Last week, Intel sketched out its strategy in dealing with its client processor brand Core, and placing its different kinds of processors in series of markers (such as "i3", "i5", and "i7"), on the merit of performance and features they offer, and not necessarily a segregation based on core type and socket type. This raised a big debate in our forums, on who is really going to benefit from this kind of branding.

Chinese website sourced information which explains what factors go into determining which brand marker a processor gets. The table elaborates on how different kinds of Intel Processor (determined by core and socket types) cross different lines, with a few features toggled or enhanced. It is sure to throw up some surprises.

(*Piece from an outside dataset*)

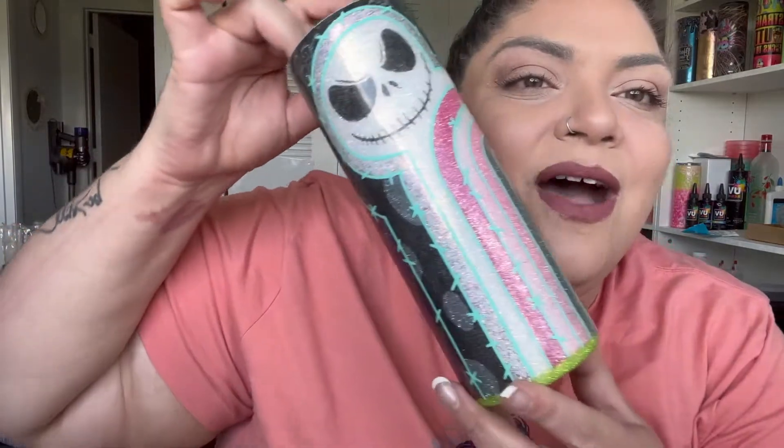Hopefully my voice comes back fully soon, but I'm going to show you guys how I did this amazing tumbler. I'm going to tag my friend Lindsay below because she does make these files. I had reached out to her and said I'm going to do a YouTube tutorial from beginning to end on how we do her files on these tumblers, and she was like, 'Oh my god, yes, how freaking cool!'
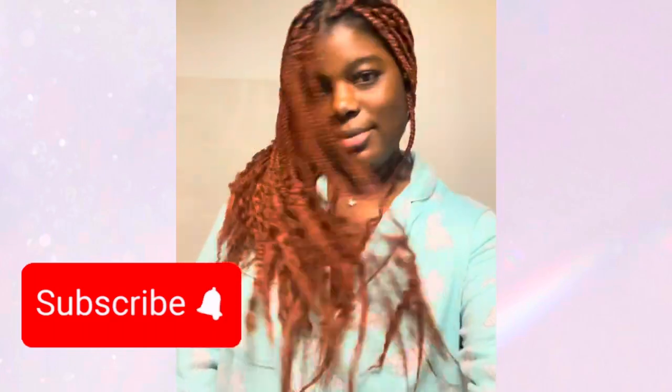So next time I'm doing a goddess braids look, I will buy the real hair for it and do it the right way instead of cutting corners, because when this hair had all that extra, I couldn't really style it — it just didn't look good anyways.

Intel may rebadge existing Wolfdale, Yorkfield, and Penryn Mobile chips into Core i3
As bizarre as it seems, it looks like existing Core 2 Duo and Core 2 Quad processors are bound for a new name tag, under Core i3. The processors will form Intel's value offerings, since they compare to the lower-end derivatives of the Nehalem architecture. At this point in time, we don't know if (and don't expect) higher-end Wolfdale and Yorkfield models to make it to this series, but rather the lower-end Core 2 Duo E7000, E8000, Core 2 Quad Q8000, Q9x00, etc. to do so, as they make the most market sense with Nehalem and Westmere derivatives higher up the order. The processors will continue to be driven by existing chipsets by Intel, which include members of Intel 3-series and 4-series.

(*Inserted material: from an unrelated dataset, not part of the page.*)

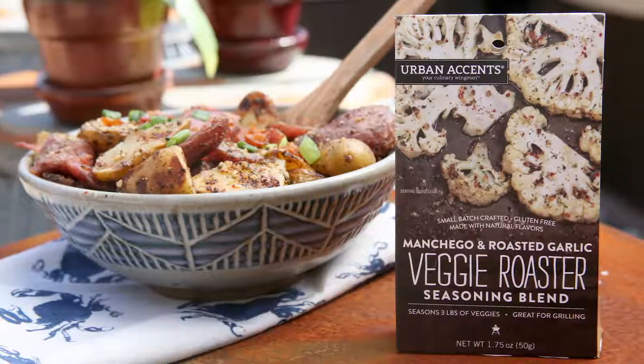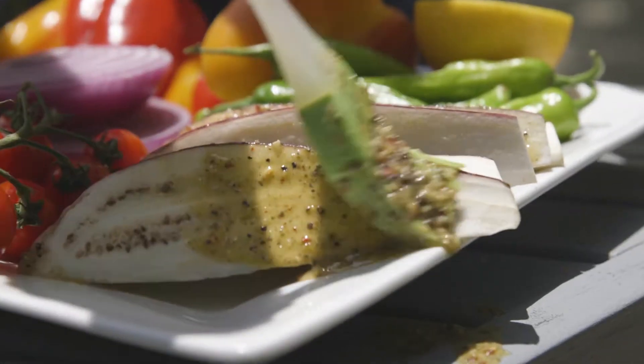You can use it on cauliflower, carrots, brussels sprouts, any type of vegetable. The beautiful Manchego cheese from Spain comes out — it's got a great aroma, really robust, very flavorful.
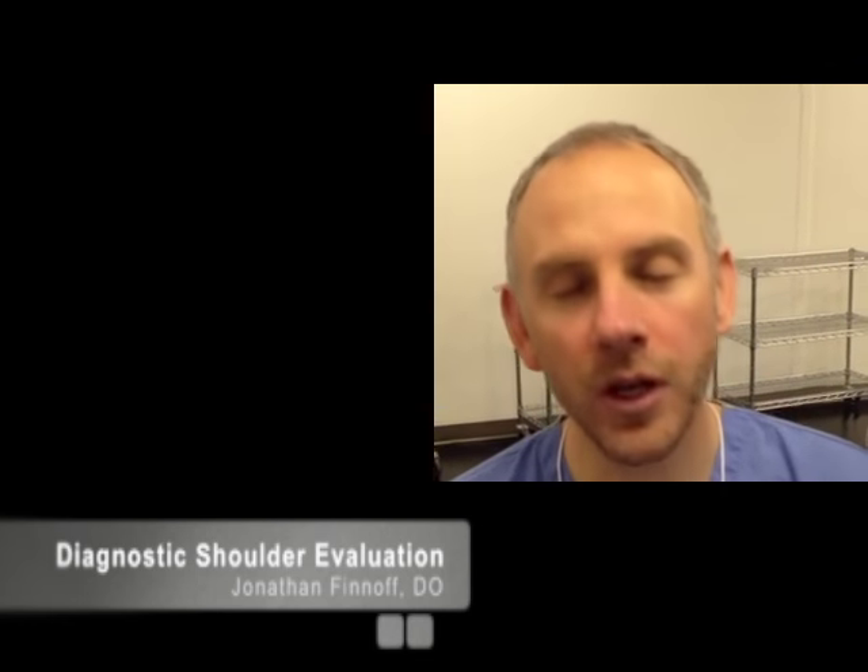My name is Jonathan Finnoff. I'm a physician at Tahoe Orthopedics and Sports Medicine. I have been doing ultrasound for about the last seven years. I've published a lot of research in this area and I'm involved in a lot of different educational offerings for ultrasound. Right now I'll be demonstrating shoulder examination.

Arrandale as Core i3, Clarkdale as Core i5
Intel thinks its desktop dual-core Westmere derivative Clarkdale is faster and more capable than its mobile cousin Arrandale. This could be because traditionally, mobile CPUs trade off clock-speeds for energy efficiency, and make up to an extant with large caches. The Clarksfield quad-core mobile chip will get the Core i7 marker. It will come in two distinct flavours, with L3 cache sizes of 6 MB and 8 MB.

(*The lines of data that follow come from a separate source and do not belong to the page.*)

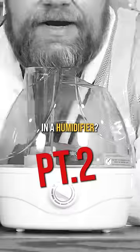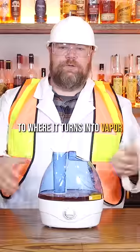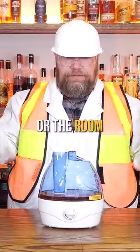What happens when you put whiskey in a humidifier? For those that don't know, all a humidifier does is heat up the water to where it turns into vapor and adds humidity into the atmosphere or the room.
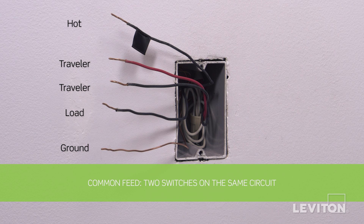This method will require the following wires to be present in the wall box: a black wire which is the hot, a black wire which is the load, two traveler wires, and a bare copper wire which is the ground.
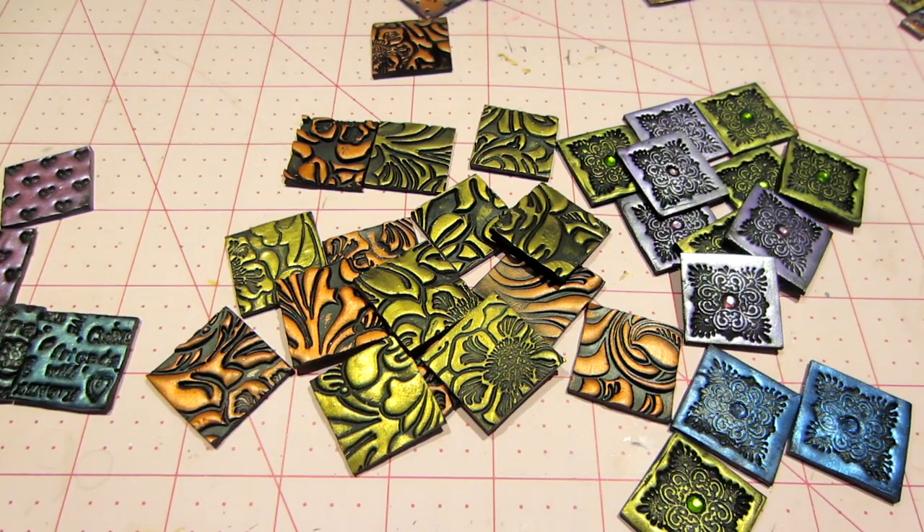Hello, it's Sarah, and I have some projects that I wanted to share. I've been working with the clay again. This time, I created some tiles.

Lynnfield in Core i5 and Core i7
This comes as no surprise since Intel's marketing heads had already made it clear that Lynnfield would span across two brand markers. The determining factors, seem to be HyperThreading technology, and perhaps clock speeds. The Core i7 Lynnfield chip has HyperThreading technology available as a feature, and may have higher clock-speeds. The first wave of Lynnfield chips that release in Q3 2009, will be only of the Core i5 kind, while the performance Core i7 ones will follow months later, in Q1 2010.

Say hello to Core i9
Intel's upcoming flagship client processor, codenamed Gulftown will get the higher Core i9 marker. This 6-core chip will have every performance enhancing feature in the book available, including a total thread count of 12, and a 50% increase in L3 cache over Bloomfield, at 12 MB. It will retain compatibility with the existing LGA-1366 socket, and X58 chipset, and will be available in Q1 2010.